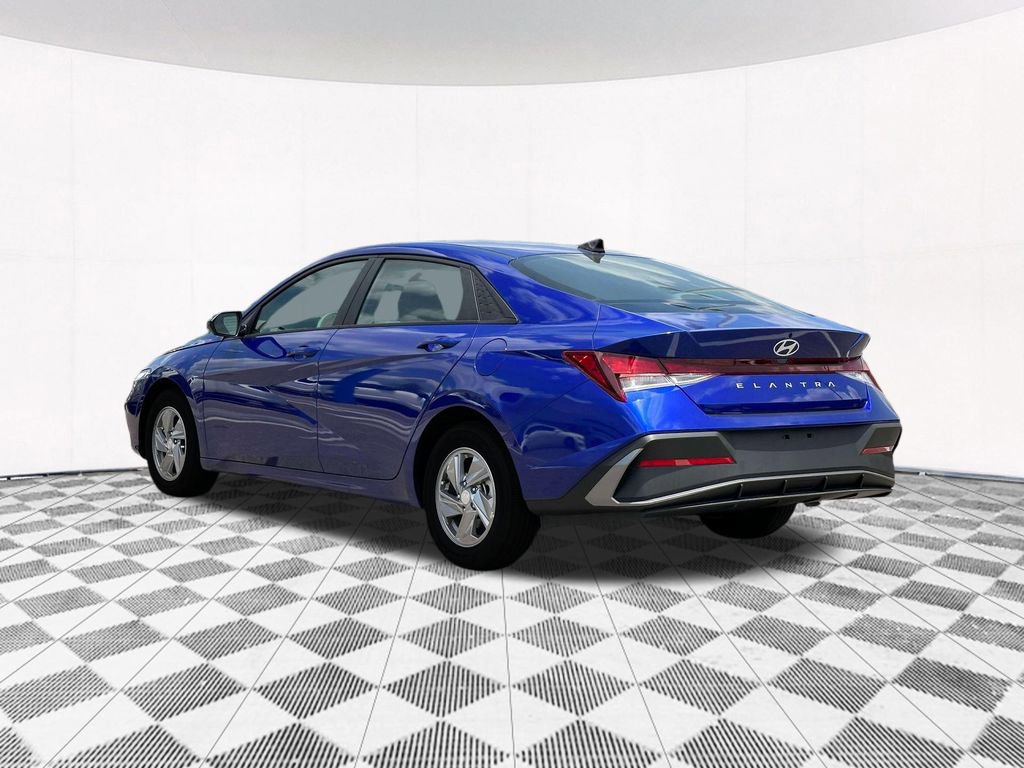 New 2025 Hyundai Elantra SE image 8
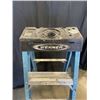 Image 2 : WERNER 4FT FIBERGLASS A-FRAME LADDER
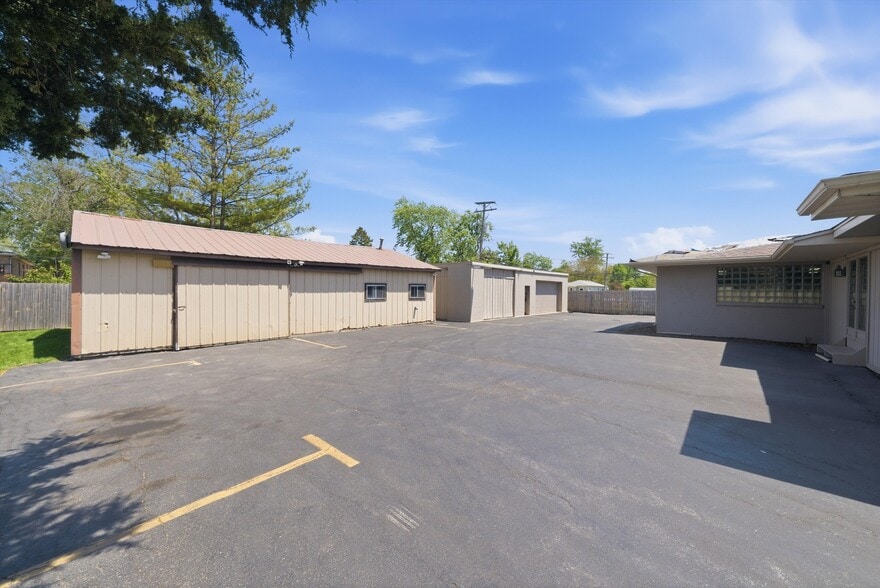 More Photos Of 2304 Plainfield Rd, Crest Hill Medical For Sale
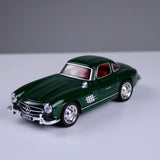 Mercedes-Benz 300SL 1:32 Scale Die-Cast Model Car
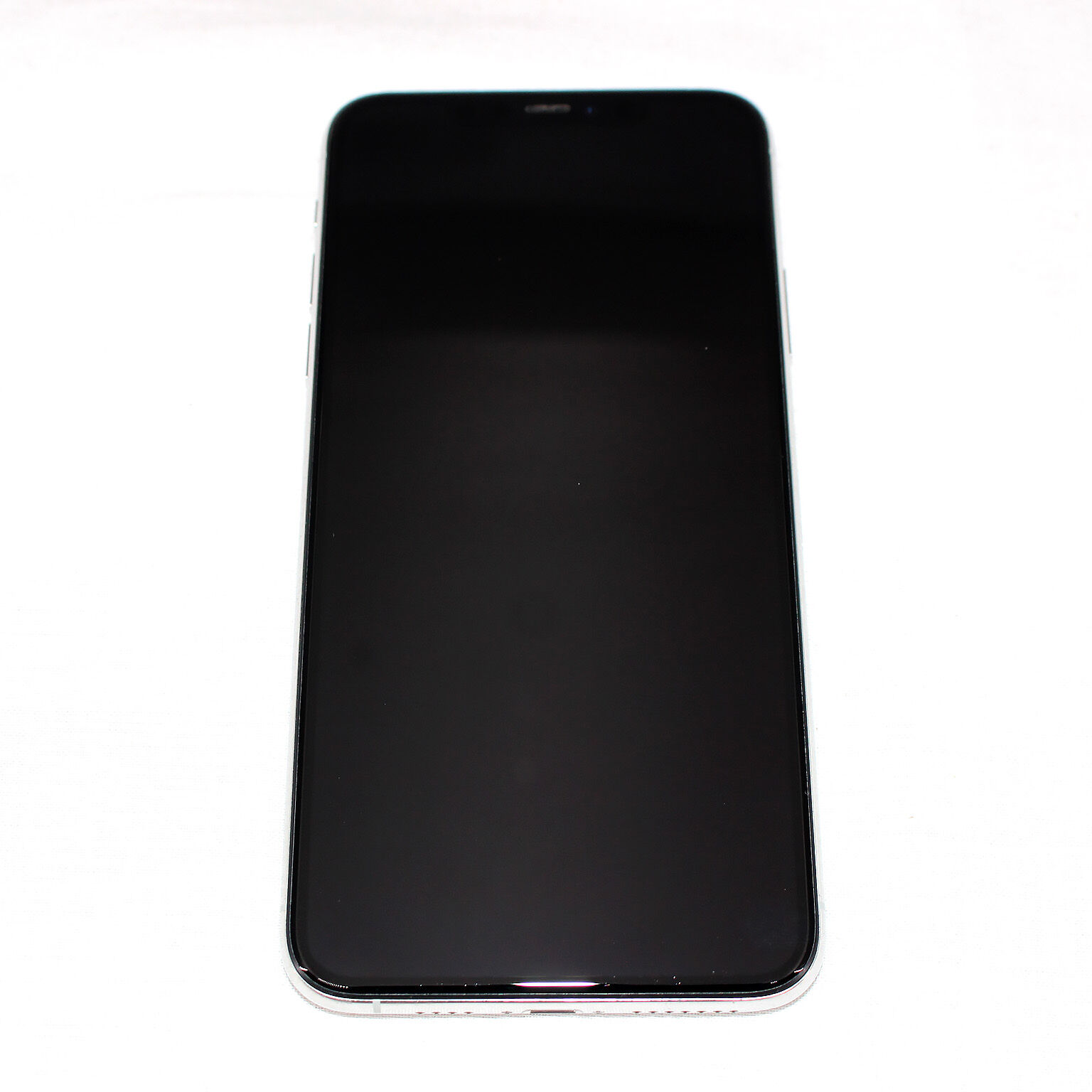 中古 Apple iPhone11 Pro Max 6.5インチ 256GB (シルバー) 国内版SIMロックフリー MWHK2J/A 140683 | パソコン通販のドスパラ【公式】 中古 Apple iPhone11 Pro Max 6.5インチ 256GB (シルバー) 国内版SIMロックフリー MWHK2J/A 140683 | パソコン通販のドスパラ【公式】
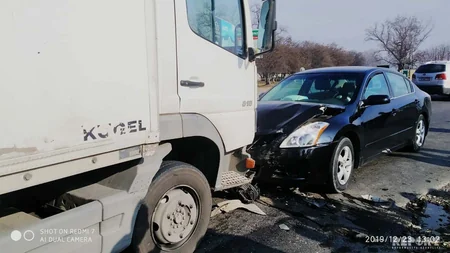 Oğuzda yük və minik avtomobilləri toqquşub, xəsarət alan var - FOTO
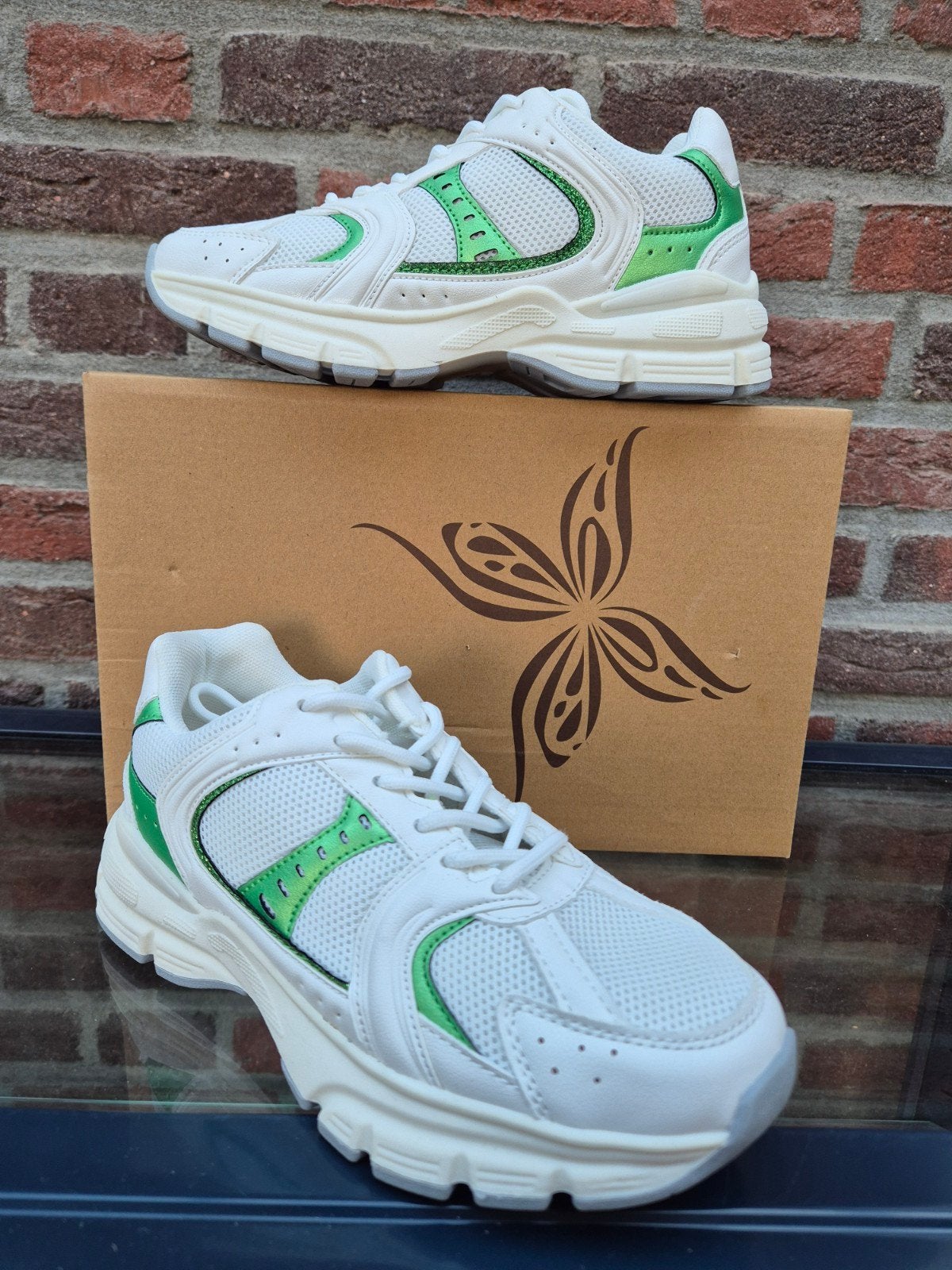 Diverse maten - SHOECOLATE sneaker "LOTTE" - nieuw in doos!, Wit, Shoecolate, Nieuw, Ophalen of Verzenden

= WORK ITEM =
Nothing but the lines from the first line of the data through the line with "Mercedes-Benz 300SL 1:32" belongs in the answer, copied exactly and without pictures.

= SOLVED EXERCISE =
 New 2025 Hyundai Elantra SE image 8
 Image 2 : WERNER 4FT FIBERGLASS A-FRAME LADDER
 More Photos Of 2304 Plainfield Rd, Crest Hill Medical For Sale
 Mercedes-Benz 300SL 1:32 Scale Die-Cast Model Car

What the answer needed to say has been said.